Europa im Krisenmodus: Wir sind nur noch Getriebene
Wolfgang Unterhuber
05.02.24, 17:16Die Lage ist besser als die Stimmung. Global betrachtet. Denn die Weltwirtschaft wird auch in diesem Jahr wachsen. Rund um die drei Prozent sollen es laut OECD und Internationalem Währungsfonds IWF sein. Das ist, wenn man es recht bedenkt, eine überraschend gute Prognose.
Denn Schlimmes war befürchtet worden. Etwa, dass die USA in eine Rezession schlittern könnten. Die Probleme amerikanischer Regionalbanken im Frühjahr und der Kollaps der Silicon-Valley-Bank entpuppten sich so wie übrigens das Debakel bei der Credit Suisse letztendlich als Einmalereignisse.
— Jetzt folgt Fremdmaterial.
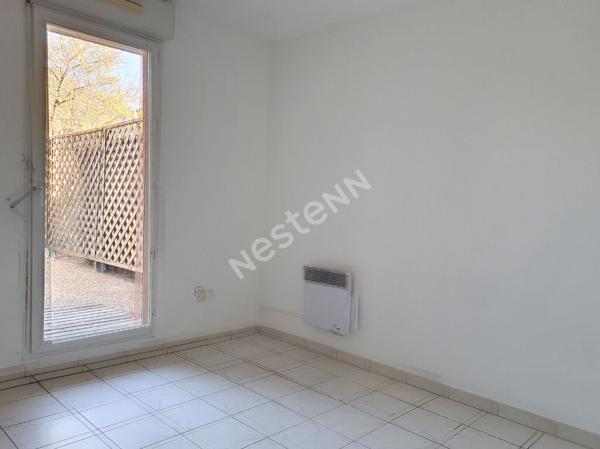 T2 + PARKING PRIVE - VIEUX VILLAGE VITROLLES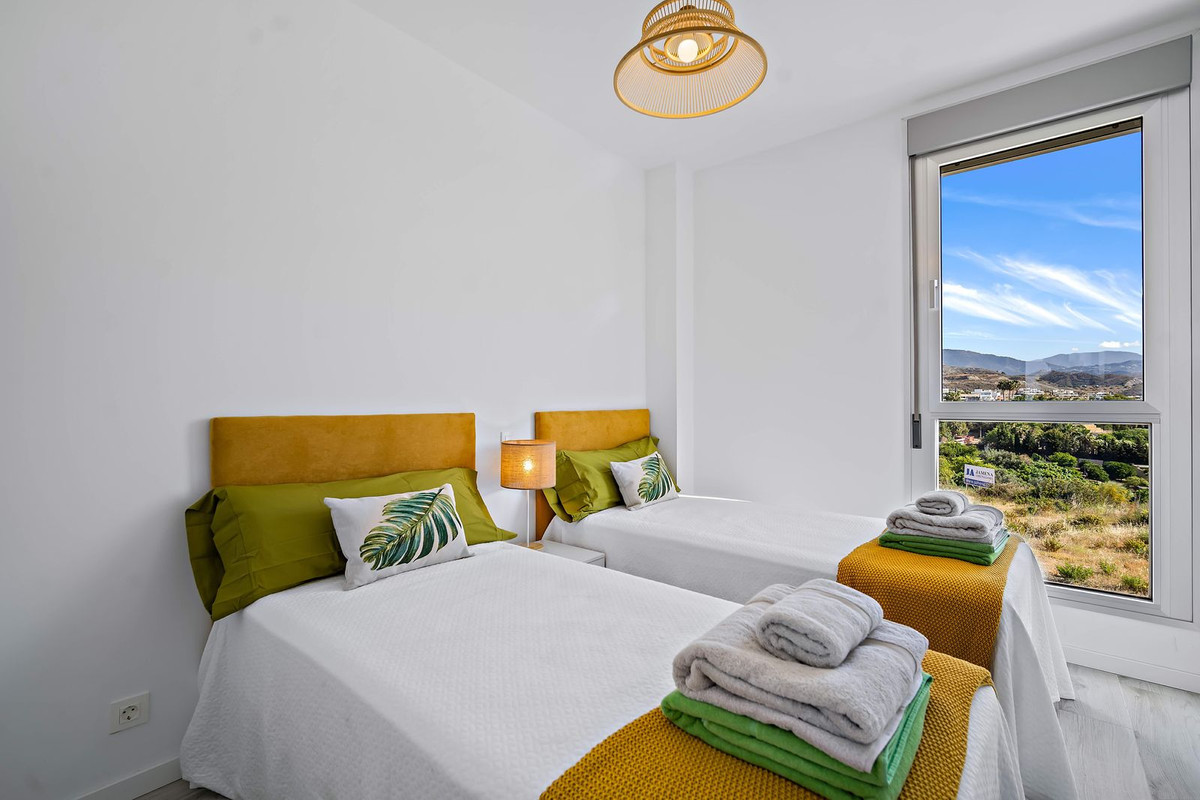 Apartment for short term rent in Cancelada, Estepona East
Auch eine andere Vorhersage hat sich als falsch erwiesen. So orakelten Experten, dass die Versorgung vieler sogenannter Schwellenländer mit Weizen aus der Ukraine zusammenbrechen werde. Hungersnöte und Revolutionen würden die Folge sein.
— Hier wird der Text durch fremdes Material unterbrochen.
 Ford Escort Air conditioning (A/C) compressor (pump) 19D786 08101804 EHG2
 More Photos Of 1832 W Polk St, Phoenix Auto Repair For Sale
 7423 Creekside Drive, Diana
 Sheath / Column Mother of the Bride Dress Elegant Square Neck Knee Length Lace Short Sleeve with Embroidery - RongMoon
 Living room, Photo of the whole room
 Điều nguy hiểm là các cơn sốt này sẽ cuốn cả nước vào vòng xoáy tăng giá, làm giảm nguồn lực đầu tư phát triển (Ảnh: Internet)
Nun: Schwellenländer wie Indien sind derzeit globale Wachstumstreiber. Wobei natürlich die Ausgangsbasis in einem Land mit ein paar Hundert Millionen Menschen unterhalb der Armutsgrenze eine andere ist als in den westlichen Industrienationen. Indien nutzt übrigens den Krieg in der Ukraine und die europäischen Sanktionen, um sich mit billigem russischen Öl einzudecken, das man veredelt dann zu einem guten Teil in die ganze Welt verschifft.
Russland profitiert ebenfalls vom Krieg. Weil die Waffenindustrie der Motor des Wachstums ist. Wie sagte EU-Kommissionspräsidentin von der Leyen im März 2022 doch gleich: „Die Sanktionen beißen ganz hart.“
Das bringt uns nach Westeuropa, wo das Wachstum im Nullkommajosef-Bereich liegt. Hier hat die Wirtschaft die Zinserhöhungen weniger gut verkraftet als in den USA. Und speziell die deutsche und auch österreichische Wirtschaft ist wegen ihres hohen Industrieanteils mehr von globalen Schwankungen betroffen als andere Länder. Wer mit dauerhaft viel höheren Energiepreisen kalkulieren muss als die Konkurrenz, ist eben stark im Nachteil.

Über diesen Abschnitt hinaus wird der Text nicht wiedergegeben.